Stored entries
------------------------------------------------
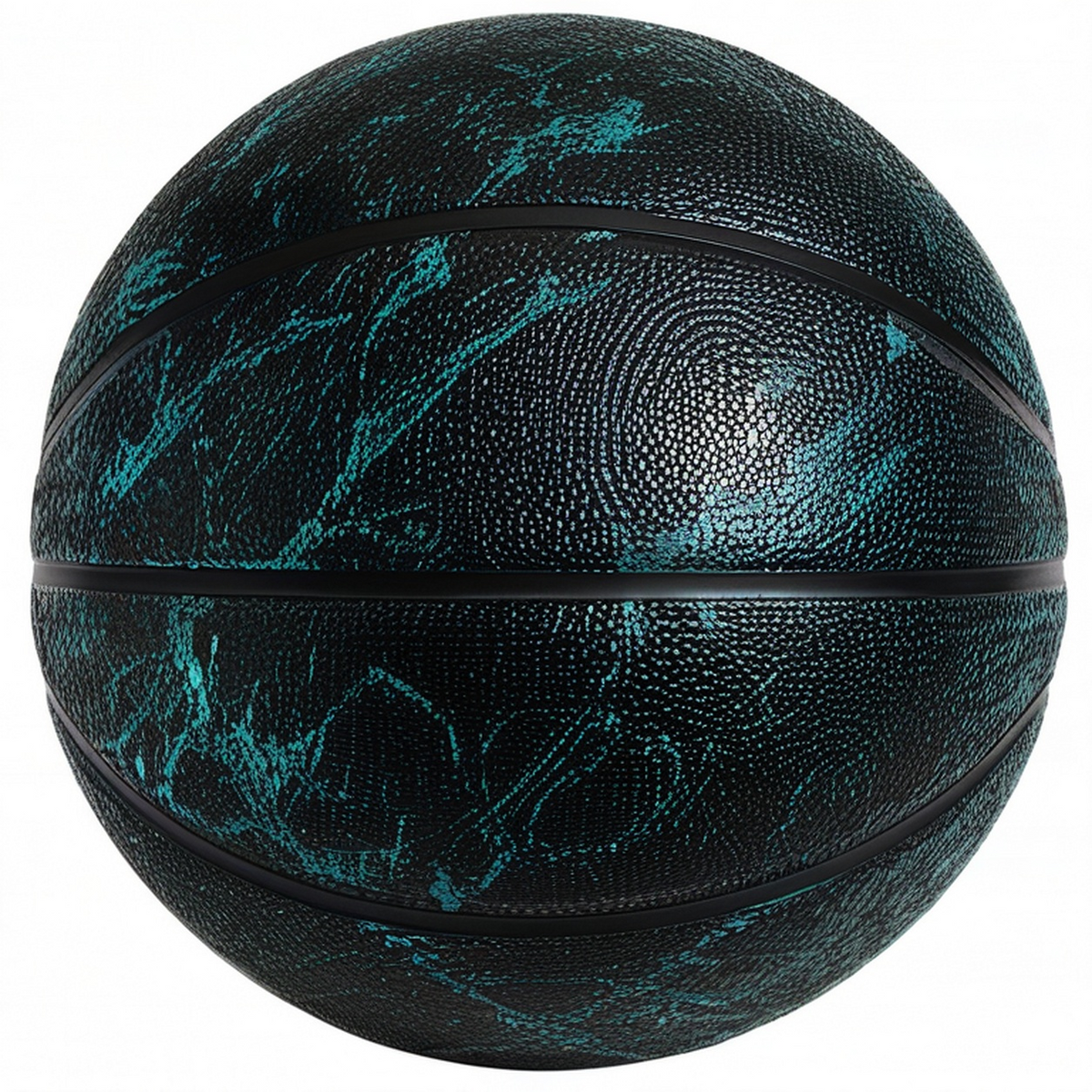 Ballon de basket extérieur marbré noir et bleu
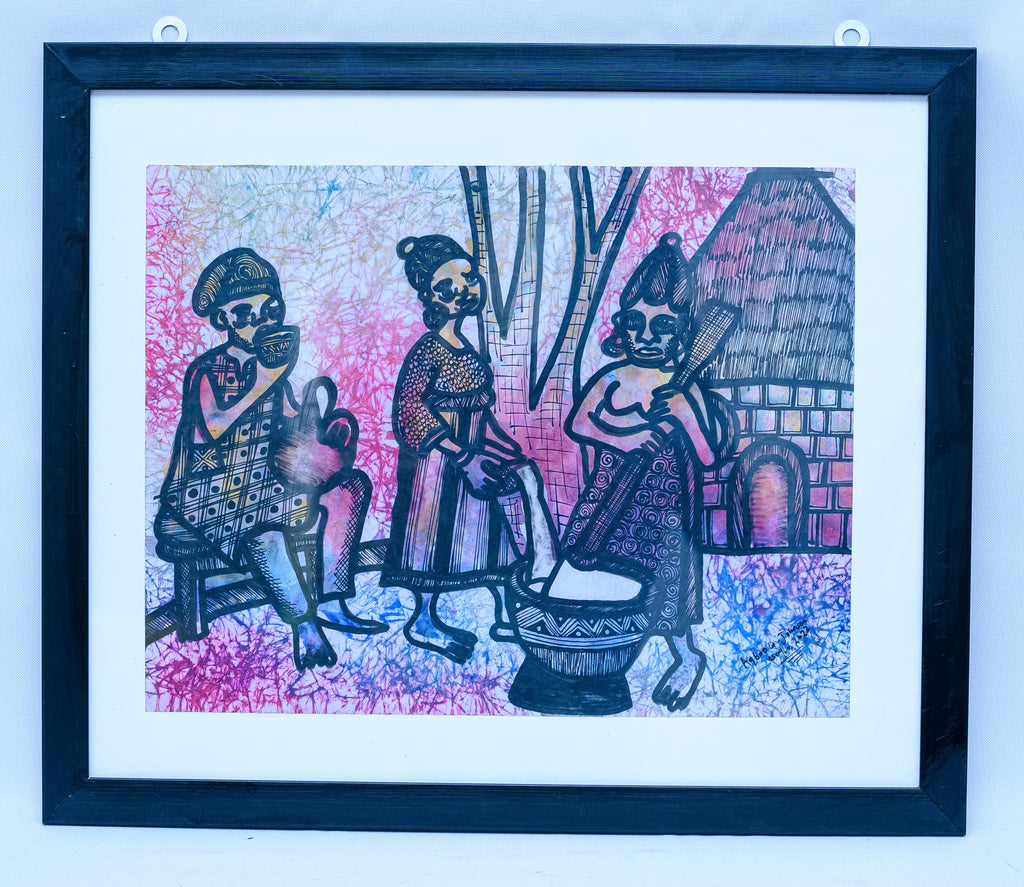 African Village Life — Three Figures by the Hut — Original Batik on Paper
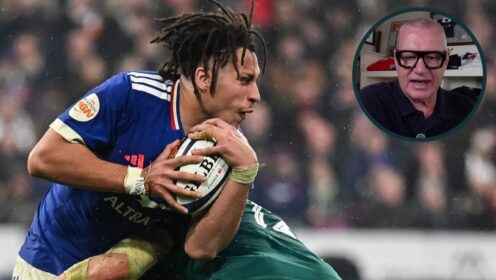 France taking on Ireland in the 2026 Six Nations and All Blacks legend Sir John Kirwan (inset).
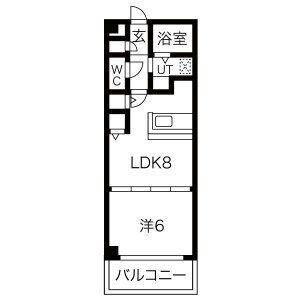 エクセレント港(1LDK/4階)の間取り写真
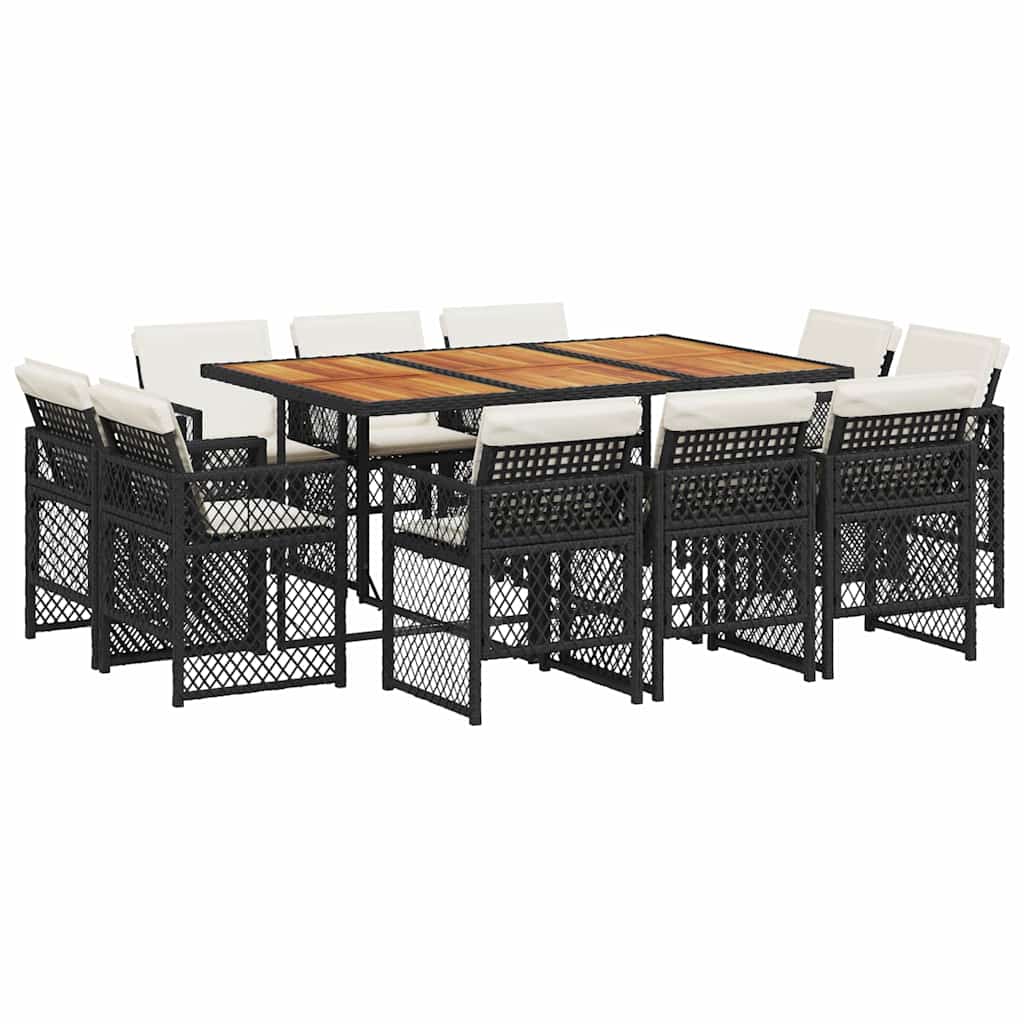 Set da Pranzo da Giardino 11 pz con Cuscini in Polyrattan Nero | homemem39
------------------------------------------------
Every line from the one with "African Village Life" through the end of the records above belongs in the answer, copied exactly; no picture does.

EXPECTED OUTPUT.
 African Village Life — Three Figures by the Hut — Original Batik on Paper
 France taking on Ireland in the 2026 Six Nations and All Blacks legend Sir John Kirwan (inset).
 エクセレント港(1LDK/4階)の間取り写真
 Set da Pranzo da Giardino 11 pz con Cuscini in Polyrattan Nero | homemem39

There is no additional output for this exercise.